Each line below needs to be returned exactly. Skip any picture.

━━━━━ ENTRIES PROVIDED

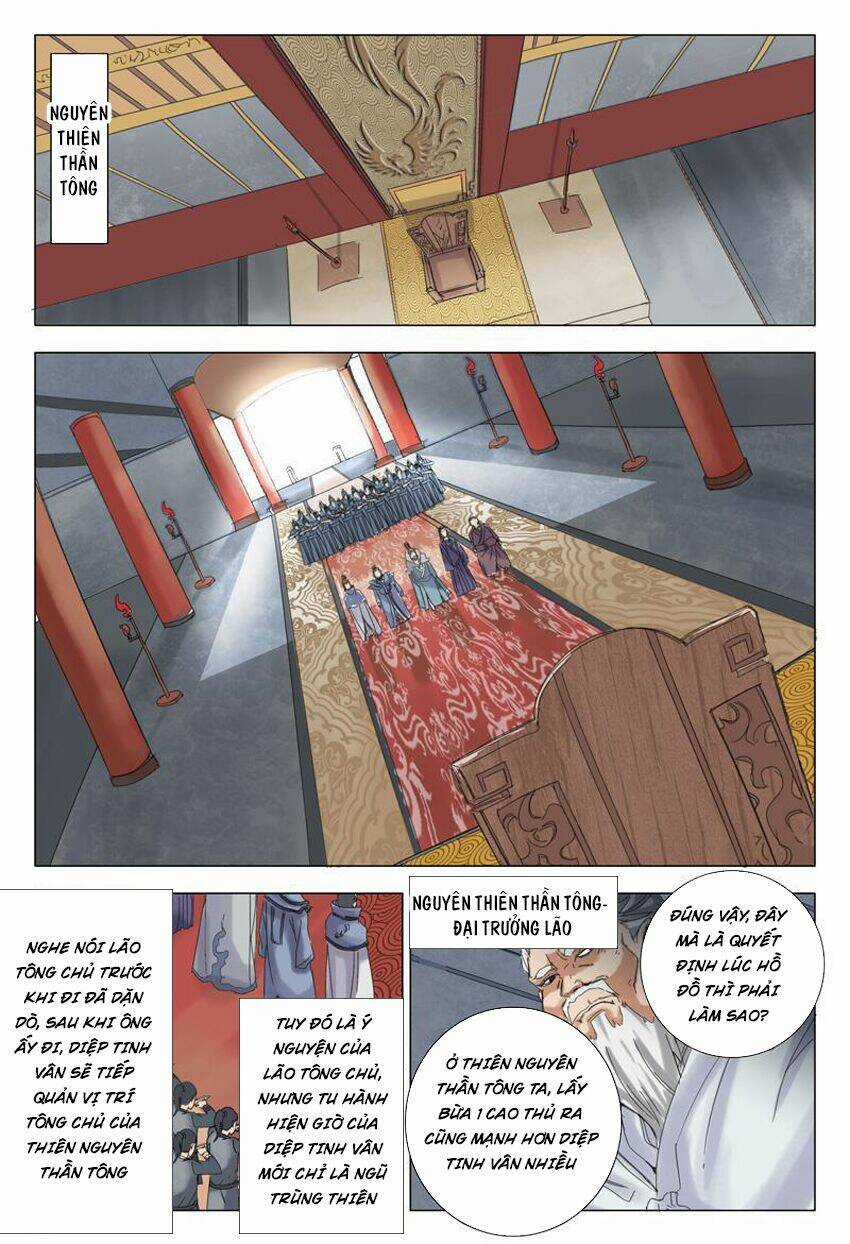 Vạn Giới Tiên Tung Chapter 2 trang 1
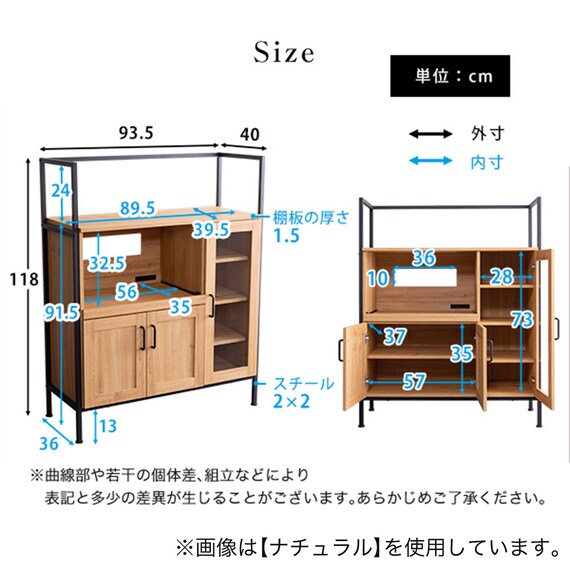 ヴィンテージテイストのレンジボード(WAL) 16枚目画像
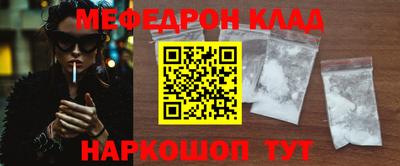 mdpv Кинель
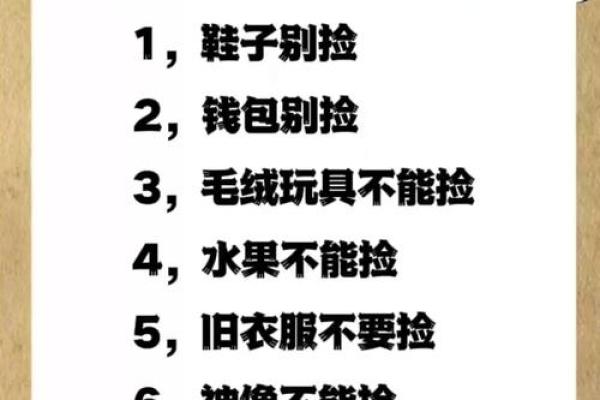 风水什么十件东西不能捡是大忌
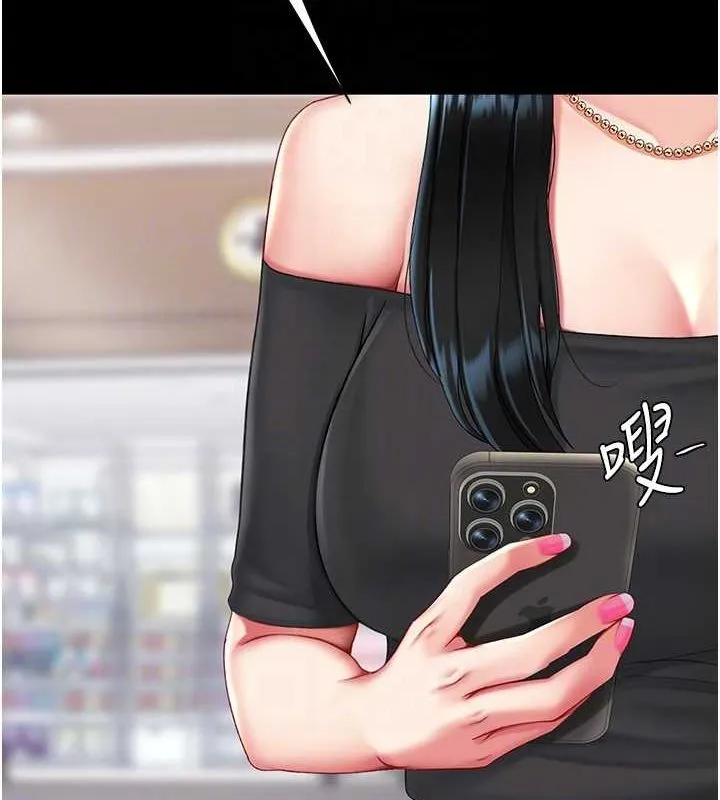 復仇母女丼-第96話-要留下來過夜嗎? - 图片 19
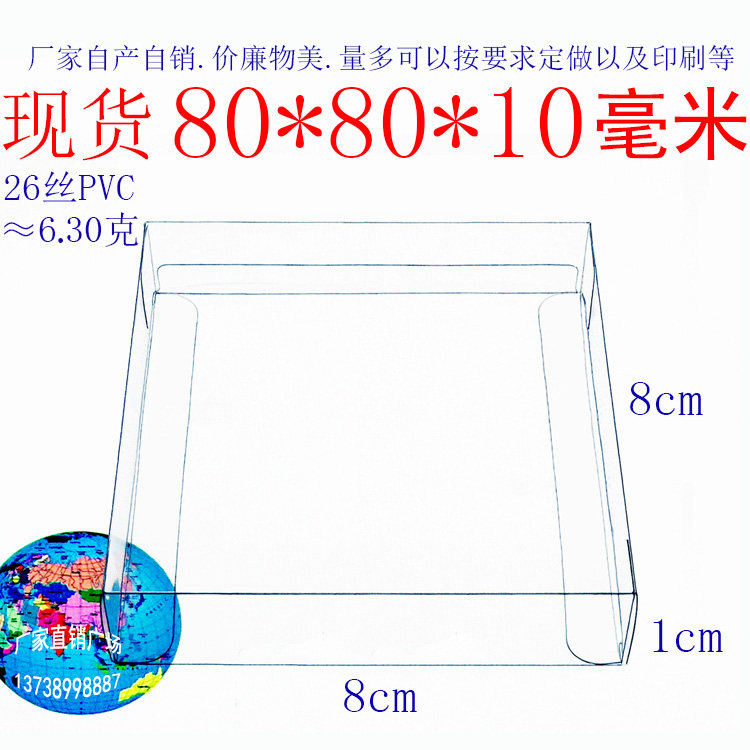 厂家批发 PVC盒子 礼品包装盒 塑料盒 透明盒 折叠盒 80*80*10mm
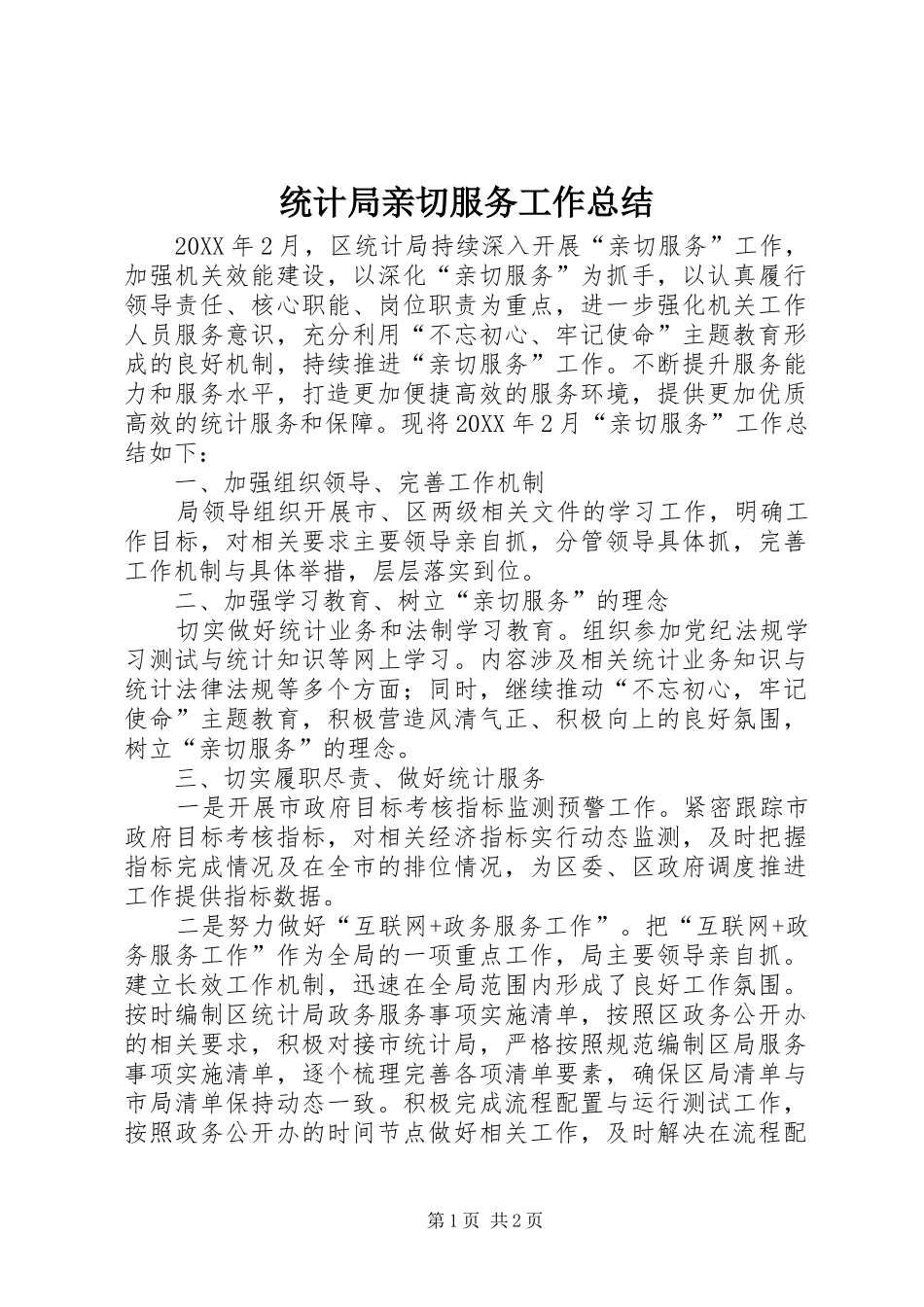 2024年统计局亲切服务工作总结_第1页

━━━━━━━━━━

• ANSWER SECTION:
 Vạn Giới Tiên Tung Chapter 2 trang 1
 ヴィンテージテイストのレンジボード(WAL) 16枚目画像
 mdpv Кинель
 风水什么十件东西不能捡是大忌
 復仇母女丼-第96話-要留下來過夜嗎? - 图片 19
 厂家批发 PVC盒子 礼品包装盒 塑料盒 透明盒 折叠盒 80*80*10mm
 2024年统计局亲切服务工作总结_第1页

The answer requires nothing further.